О том же свидетельствует классическая немецкая ситуация “-преодоления прошлого”: с исчезновением живых свидетелей и участников войны она превратилась в ситуацию “примирения с прошлым”, потому что ныне живущему поколению нужны такая память и такое прошлое, с которым можно жить достойно и спокойно. От лица уходящих носителей живой памяти о фашизме они заговорили об интимной стороне войны, о немецких страданиях и жертвах, примиряясь с прошлым, которого раньше полагалось стесняться, и возвращая память, ранее маргинализированную как в общест-венном сознании, так и в профессиональной историографии (см. статью Норберта Фрая в методологической рубрике). Дополнительный импульс этим процессам дало объединение Германии и поиск оснований единства немецкой нации.
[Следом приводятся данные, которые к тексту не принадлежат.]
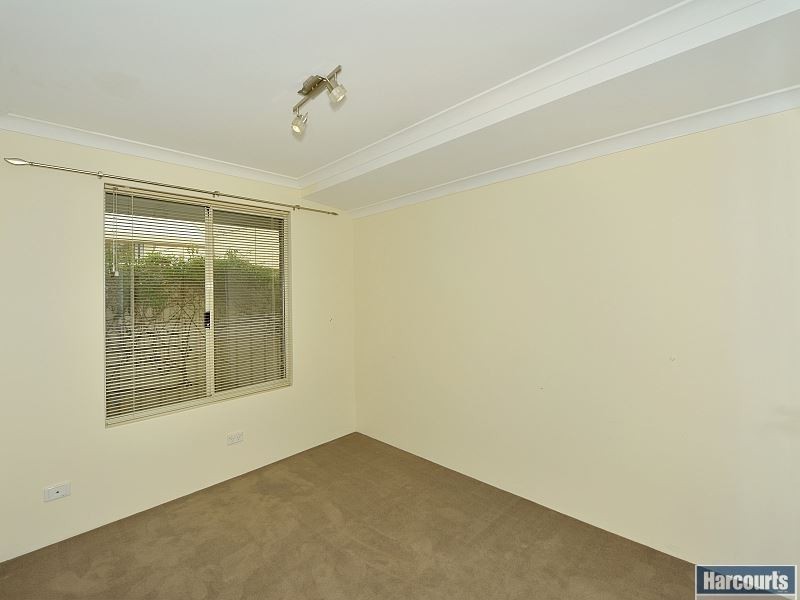 8 Argyle Fairway, Lakelands WA 6180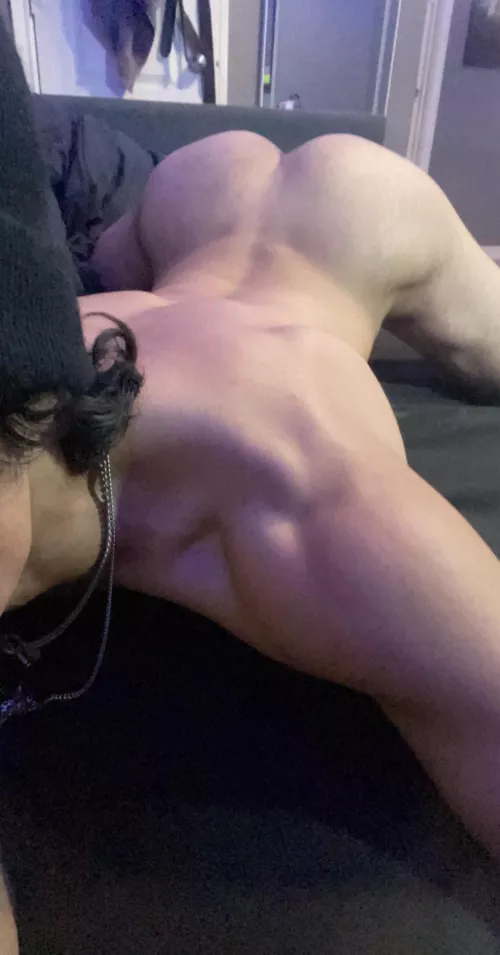 Anyone wanna wrestle me ? by LeadershipSad36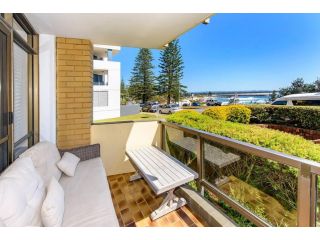 Beachside Bliss - location, location at Town Beach Apartment, Port Macquarie - 3
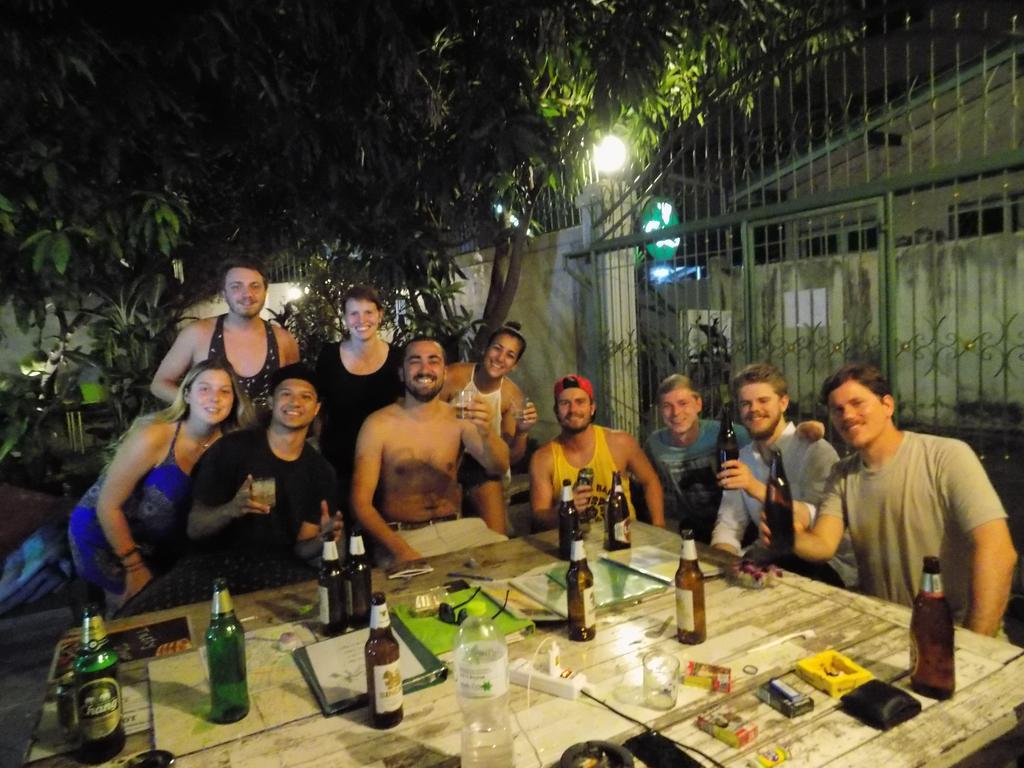 The Oasis Hostel (Adults Only) Μπανγκόκ Εξωτερικό φωτογραφία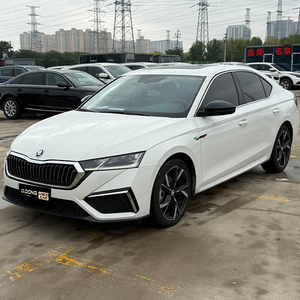 Auto Usata <span class=keywords><strong>2021</strong></span> <span class=keywords><strong>Skoda</strong></span> Octavia Pro 1.4T 280TSI DSG Automatica Edizione Smart Luxury Ben Equipaggiata Berlina Compatta a Benzina di Seconda Mano - Product Image 1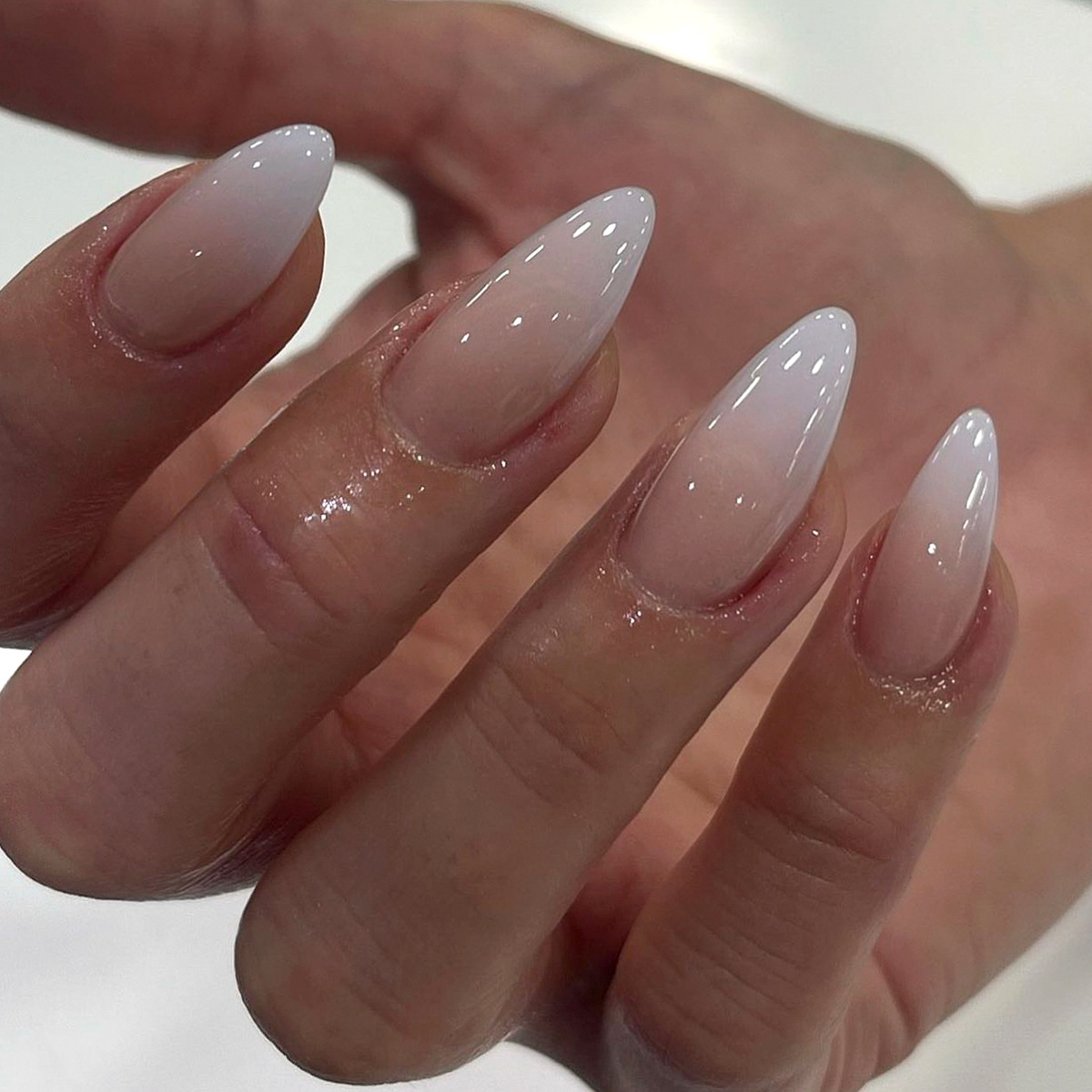 24 Uñas Postizas Blancas con D - Sanding Stick Set reseña y precio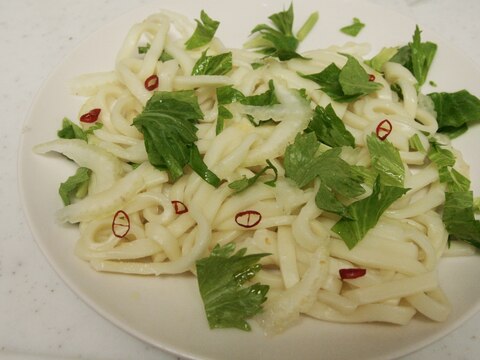 レンジで簡単！セロリ好きの　セロリうどん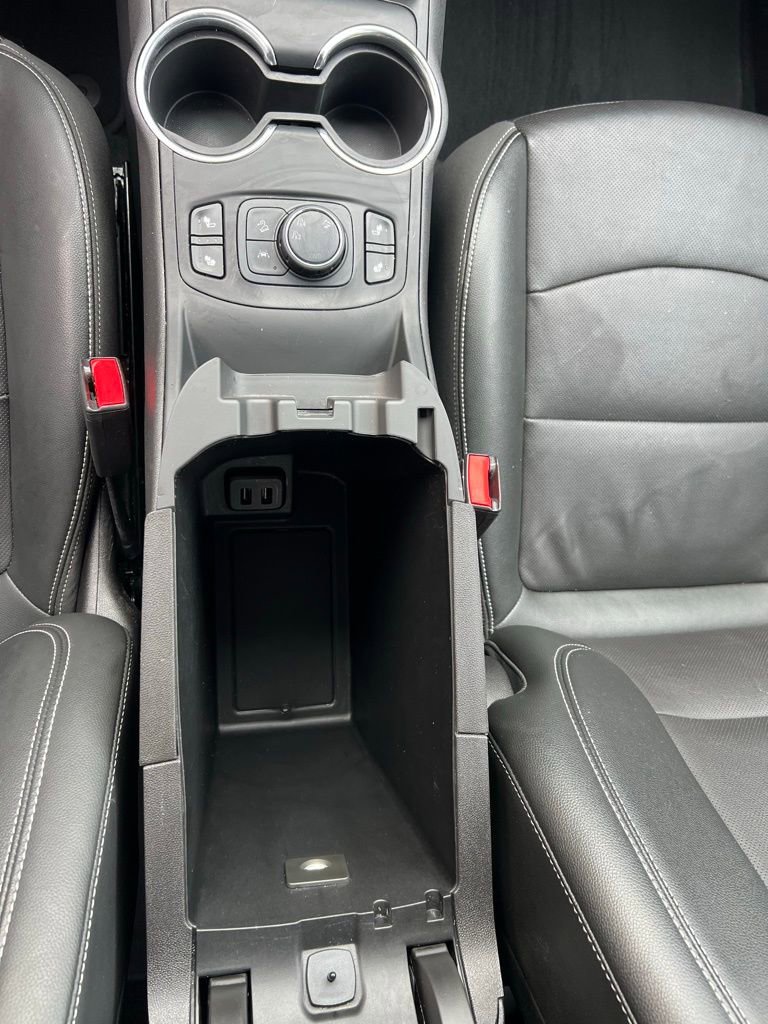 Used 2024 GMC Terrain SLT image 16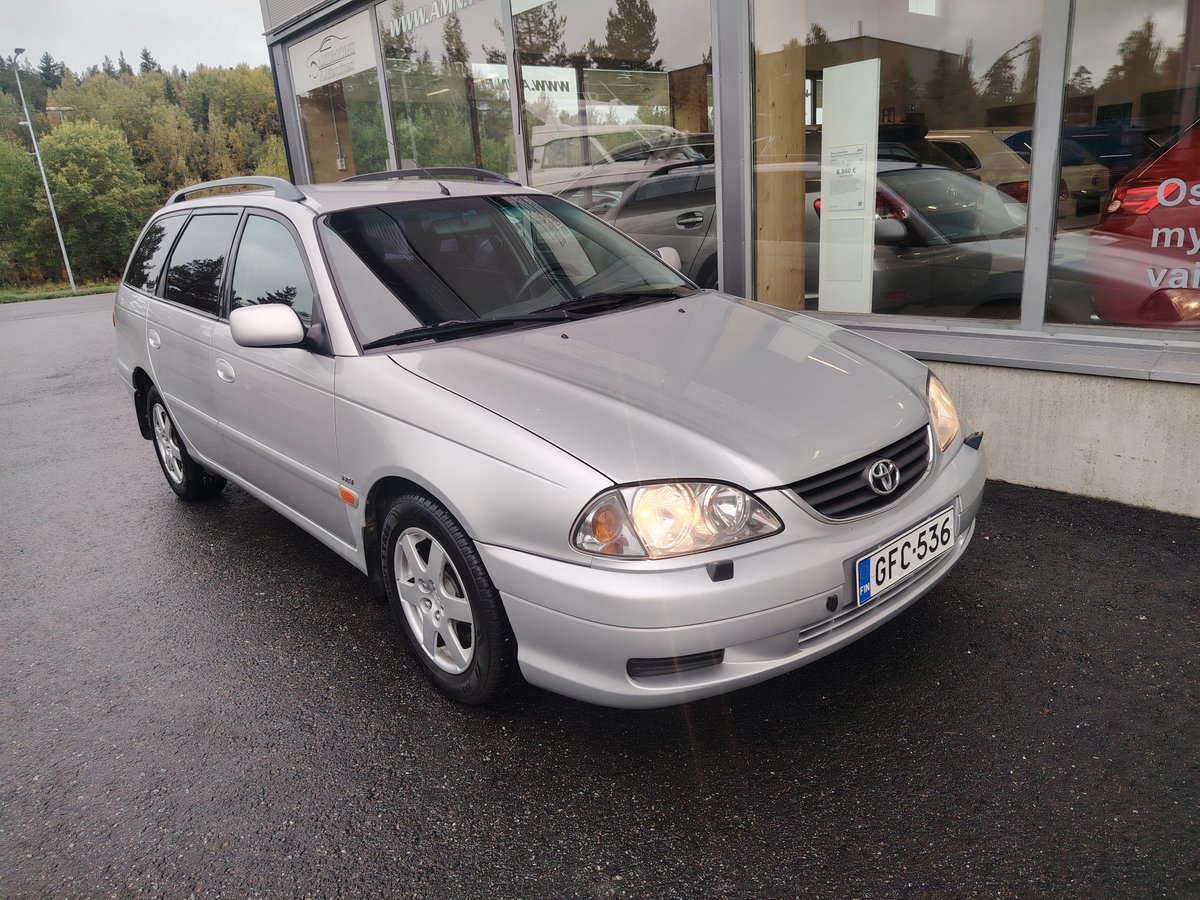 Toyota Avensis 1.8 VVT-i Automatic 129hp Linea Terra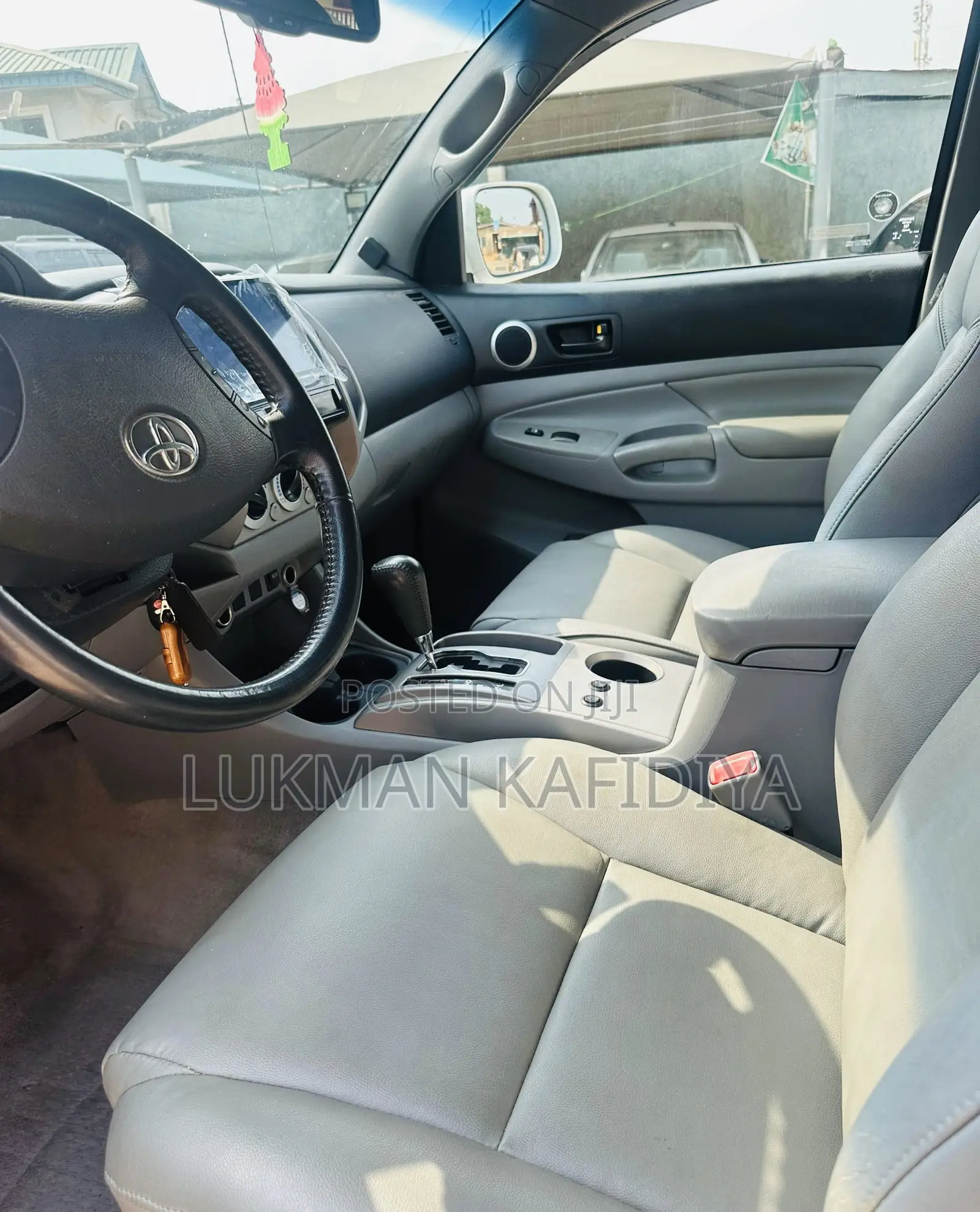 Toyota Tacoma 2010 White
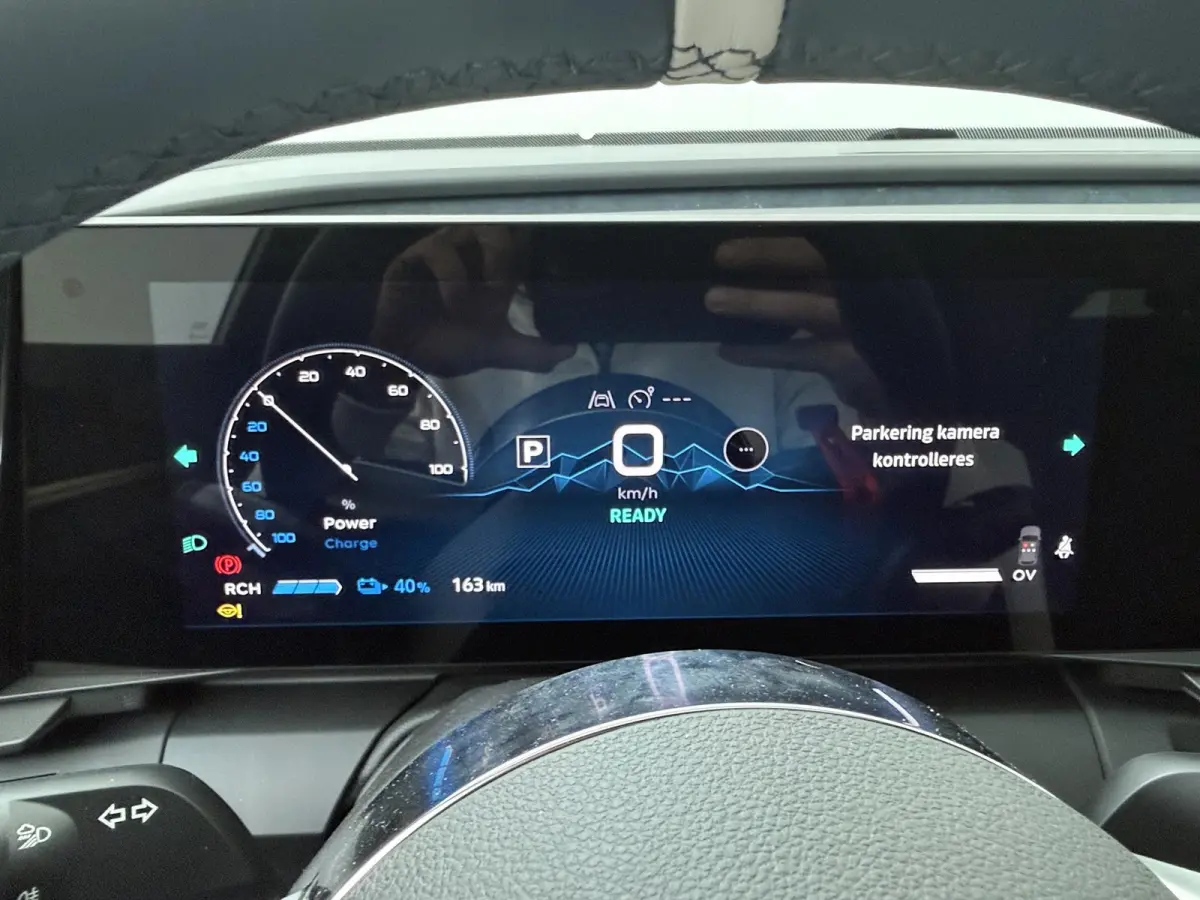 GT 89kWh | Pack Driving | Devialet® XtremeSound audiosysteem | AC-lader 22 kW | Interieurafwerking in forged carbon & Alcantara® |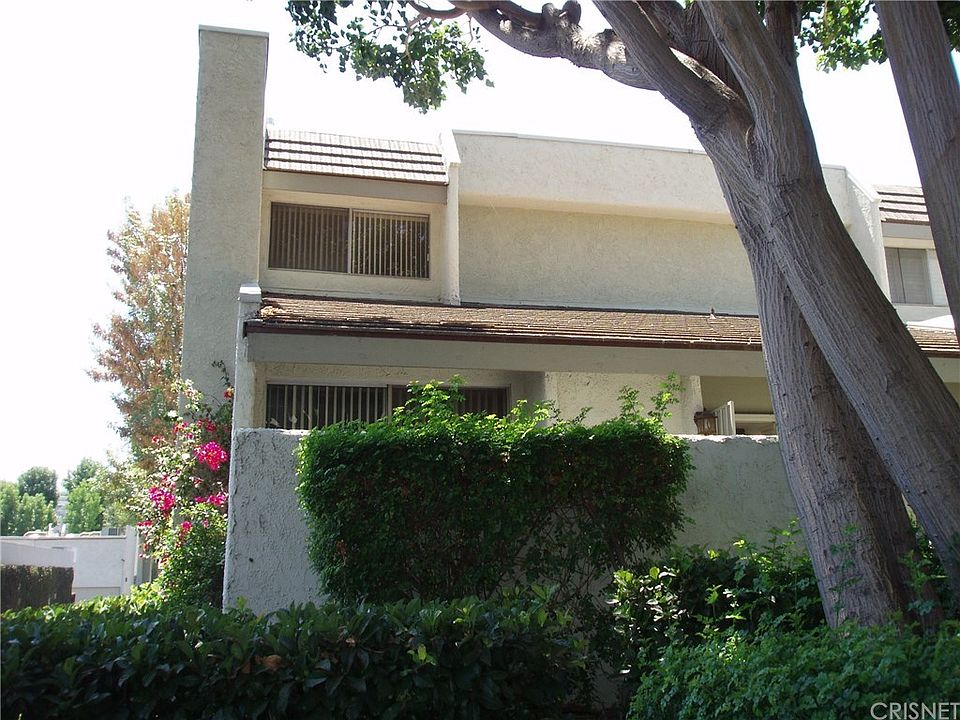 1st image of 11786 Moorpark St Unit F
Примирение с прошлым в позитивном смысле слова означает расширение границ памяти, умножение актуальных субъектов и сюжетов прошлого. Довольно часто это влечет признание своей (личной, групповой, национальной) вины и моральной (а иногда и юридической, и финансовой, как в случае с реституциями) ответственности. Насколько реалистична успешная реализация такого проекта не на уровне профессиональной историографии и официальной политики, но на уровне массового сознания (памяти)? И в какой форме он возможен помимо “империи памяти” – ведь в памяти, как и в историографии, множественные линии воспоминания должны подчиняться некой единой организующей логике нарратива, а не распадаться на отдельные истории о былом. Иначе субъект памяти рассыпается на множество субъектов и теряет способность к коллективному (или индивидуальному осознанному) действию. Эту коллизию особенно интересно иллюстрирует представленный в номере форум о Великом княжестве Литовском как объекте воспоминания: память о Великом княжестве меняет свои исторические очертания и мифологические функции в зависимости от того, в какой парадигме она воспринимается: “имперской” или “национальной”. Причем у последней тоже есть свои вариации, связанные со спецификой литовского, украинского или белорусского национального проектов.
Наконец, отдельной темой номера является “советское наследие”, которое, актуализируясь, выступает в качестве советской “имперской памяти”. Речь идет о советских мнемопроектах, таких, как: “советский народ” – статья П. Варнавского; “народы-коллаборционисты” – статья Э.-Б. Гучиновой и др. Особого внимания заслуживают исследования о том, как общее советское прошлое, существующее сегодня в различных версиях памяти, неизбежно объединяет прошедших через него людей; и, наконец, о перестройке как моменте памяти (блок статей в рубрике Социология, Этнология, Политология). Отдельная группа материалов (архивная публикация и следующий за ней форум) посвящена конституционному проекту Андрея Дмитриевича Сахарова, который рассматривается как вариант преодоления советского прошлого, во многом ограниченный дискурсивными рамками этого самого прошлого.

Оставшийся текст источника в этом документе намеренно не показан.